Sec. 50. (NEW) (Effective October 1, 2014) (a) There is established a Commission on Connecticut's Leadership in Corporation and Business Law, which shall be part of the Legislative Department.

(b) The commission shall consist of:

(1) The chairperson of the business law section of the Connecticut Bar Association;

(2) The Commissioner of Economic and Community Development, or a designee;

(3) The Chief Court Administrator, or a designee;

(4) The chairpersons of the joint standing committee of the General Assembly having cognizance of matters relating to banks, or their designees chosen from among the members of such committee;

(5) The chairpersons of the joint standing committee of the General Assembly having cognizance of matters relating to the judiciary, or their designees chosen from among the members of such committee;

(6) The chairpersons of the joint standing committee of the General Assembly having cognizance of matters relating to commerce, or their designees chosen from among the members of such committee;

(7) Six members appointed one each by the president pro tempore of the Senate, the speaker of the House of Representatives, the majority leader of the Senate, the majority leader of the House of Representatives, the minority leader of the Senate and the minority leader of the House of Representatives; and

(8) Two members appointed by the Governor.

(c) The members of the commission shall elect a chairperson of the commission from among its members. The commission shall meet at such times as it deems necessary.

(d) The commission shall:

(1) Develop and recommend policies to establish the state as a leading and highly desirable jurisdiction in which to (A) organize a business entity, and (B) adjudicate matters related to corporation and business law;

(2) Develop and recommend policies to attract and encourage business entities to organize under Connecticut law and establish and maintain their headquarters and significant business operations in Connecticut;

(3) Examine the impact of statutory and common law in this state, the state of Delaware, the state of New York and other states on the organization of business entities and the retention of such business entities in this state and recommend legislation or other administrative or policy changes to the Governor and the General Assembly to achieve the purposes set forth in subdivisions (1) and (2) of this subsection.
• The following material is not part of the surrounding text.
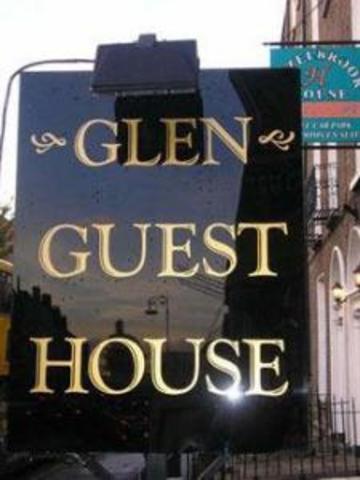 The Glen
In conducting such examination, the commission shall consider, but not limit consideration to, the following:

(A) The impact of the Connecticut Business Corporation Act, section 33-600, et seq. , of the general statutes;

(B) The impact of state business taxes, including, but not limited to, the franchise tax and the corporation business tax;

(C) The impact of Judicial Branch operations on business entity organization, including, but not limited to, the rules of the Superior Court, the complex litigation docket and the composition of the Judicial Branch in general;

(D) The impact of the office of the Secretary of the State and the state's procedures for business entity organization and filing, including, but not limited to, the state's electronic and accelerated formation and filing capabilities;

(E) The impact of the Delaware General Corporation Law, Title 8 of the Delaware Code, the Delaware Court of Chancery and other statutory and administrative provisions in Delaware law on the economy and economic development in the state of Delaware, and the influence of Delaware law on the adjudication of corporate and business disputes in Connecticut courts; and

(F) The impact of the New York Business Corporation Law, the commercial division of the Supreme Court of the state of New York, and other statutory and administrative provisions in New York law on the economy and economic development of the state of New York and the influence of New York law on the adjudication of corporate and business disputes in Connecticut courts.

(4) Develop and recommend policies to enhance and improve the Connecticut Business Corporation Act to achieve the purposes set forth in subdivisions (1) and (2) of this subsection;

(5) Develop and recommend policies to establish a docket in the Judicial Branch with exclusive jurisdiction over all matters concerning business entity organization, shareholders, securities, and business combinations or transactions involving the sale or transfer of ownership interests or assets, to achieve the purposes set forth in subdivisions (1) and (2) of this subsection; and

(6) Develop and recommend policies to assist the Secretary of the State to develop best-in-the-nation business services and support, including, but not limited to, a state-of-the-art business entity organization and filing system that enables accelerated access to business services twenty-four hours a day, to achieve the purposes set forth in subdivisions (1) and (2) of this subsection.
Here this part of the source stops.